» **EXERCISE MATERIALS**
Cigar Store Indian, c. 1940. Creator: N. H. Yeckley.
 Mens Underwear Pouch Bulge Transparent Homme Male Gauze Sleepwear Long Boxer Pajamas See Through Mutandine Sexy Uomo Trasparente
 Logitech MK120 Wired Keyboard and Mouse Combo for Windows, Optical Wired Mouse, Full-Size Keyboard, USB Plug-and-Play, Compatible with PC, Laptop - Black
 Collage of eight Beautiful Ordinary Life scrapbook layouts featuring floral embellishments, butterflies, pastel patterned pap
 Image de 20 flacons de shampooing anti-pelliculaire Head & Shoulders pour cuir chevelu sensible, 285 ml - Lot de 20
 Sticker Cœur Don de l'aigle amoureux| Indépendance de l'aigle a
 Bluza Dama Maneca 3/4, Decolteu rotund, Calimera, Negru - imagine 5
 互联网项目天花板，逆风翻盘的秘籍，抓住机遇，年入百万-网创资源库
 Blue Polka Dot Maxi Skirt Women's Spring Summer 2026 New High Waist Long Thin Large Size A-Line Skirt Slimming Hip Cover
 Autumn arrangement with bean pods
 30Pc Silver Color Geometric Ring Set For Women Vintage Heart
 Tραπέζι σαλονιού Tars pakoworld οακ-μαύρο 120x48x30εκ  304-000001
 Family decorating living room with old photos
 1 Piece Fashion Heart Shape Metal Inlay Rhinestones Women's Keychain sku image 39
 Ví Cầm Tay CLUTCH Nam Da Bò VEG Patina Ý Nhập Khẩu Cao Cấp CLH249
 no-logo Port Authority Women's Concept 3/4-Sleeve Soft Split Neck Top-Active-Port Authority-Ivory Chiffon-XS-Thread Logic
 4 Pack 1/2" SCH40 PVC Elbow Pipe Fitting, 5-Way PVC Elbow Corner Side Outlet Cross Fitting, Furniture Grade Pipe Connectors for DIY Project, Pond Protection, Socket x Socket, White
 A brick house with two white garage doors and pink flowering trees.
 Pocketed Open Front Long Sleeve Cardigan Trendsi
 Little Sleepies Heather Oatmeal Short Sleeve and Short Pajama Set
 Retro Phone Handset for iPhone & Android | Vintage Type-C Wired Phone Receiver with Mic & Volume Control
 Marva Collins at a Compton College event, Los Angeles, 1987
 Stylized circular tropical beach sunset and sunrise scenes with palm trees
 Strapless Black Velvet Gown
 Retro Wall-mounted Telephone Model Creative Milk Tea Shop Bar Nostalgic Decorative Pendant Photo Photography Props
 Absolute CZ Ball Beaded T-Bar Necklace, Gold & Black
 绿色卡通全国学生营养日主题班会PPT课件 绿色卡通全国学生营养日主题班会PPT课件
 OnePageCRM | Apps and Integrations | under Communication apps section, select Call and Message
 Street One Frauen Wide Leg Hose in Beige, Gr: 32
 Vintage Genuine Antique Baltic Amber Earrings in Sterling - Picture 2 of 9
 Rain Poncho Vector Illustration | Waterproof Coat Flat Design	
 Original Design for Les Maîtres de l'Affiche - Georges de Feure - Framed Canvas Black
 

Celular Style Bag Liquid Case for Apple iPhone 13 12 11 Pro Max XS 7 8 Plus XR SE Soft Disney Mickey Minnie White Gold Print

» **TASK BRIEF**
Word for word, repeat the lines from the one holding "Family decorating living" through the last line of the entries, both included.

» **FINISHED TASK**
 Family decorating living room with old photos
 1 Piece Fashion Heart Shape Metal Inlay Rhinestones Women's Keychain sku image 39
 Ví Cầm Tay CLUTCH Nam Da Bò VEG Patina Ý Nhập Khẩu Cao Cấp CLH249
 no-logo Port Authority Women's Concept 3/4-Sleeve Soft Split Neck Top-Active-Port Authority-Ivory Chiffon-XS-Thread Logic
 4 Pack 1/2" SCH40 PVC Elbow Pipe Fitting, 5-Way PVC Elbow Corner Side Outlet Cross Fitting, Furniture Grade Pipe Connectors for DIY Project, Pond Protection, Socket x Socket, White
 A brick house with two white garage doors and pink flowering trees.
 Pocketed Open Front Long Sleeve Cardigan Trendsi
 Little Sleepies Heather Oatmeal Short Sleeve and Short Pajama Set
 Retro Phone Handset for iPhone & Android | Vintage Type-C Wired Phone Receiver with Mic & Volume Control
 Marva Collins at a Compton College event, Los Angeles, 1987
 Stylized circular tropical beach sunset and sunrise scenes with palm trees
 Strapless Black Velvet Gown
 Retro Wall-mounted Telephone Model Creative Milk Tea Shop Bar Nostalgic Decorative Pendant Photo Photography Props
 Absolute CZ Ball Beaded T-Bar Necklace, Gold & Black
 绿色卡通全国学生营养日主题班会PPT课件 绿色卡通全国学生营养日主题班会PPT课件
 OnePageCRM | Apps and Integrations | under Communication apps section, select Call and Message
 Street One Frauen Wide Leg Hose in Beige, Gr: 32
 Vintage Genuine Antique Baltic Amber Earrings in Sterling - Picture 2 of 9
 Rain Poncho Vector Illustration | Waterproof Coat Flat Design	
 Original Design for Les Maîtres de l'Affiche - Georges de Feure - Framed Canvas Black
 

Celular Style Bag Liquid Case for Apple iPhone 13 12 11 Pro Max XS 7 8 Plus XR SE Soft Disney Mickey Minnie White Gold Print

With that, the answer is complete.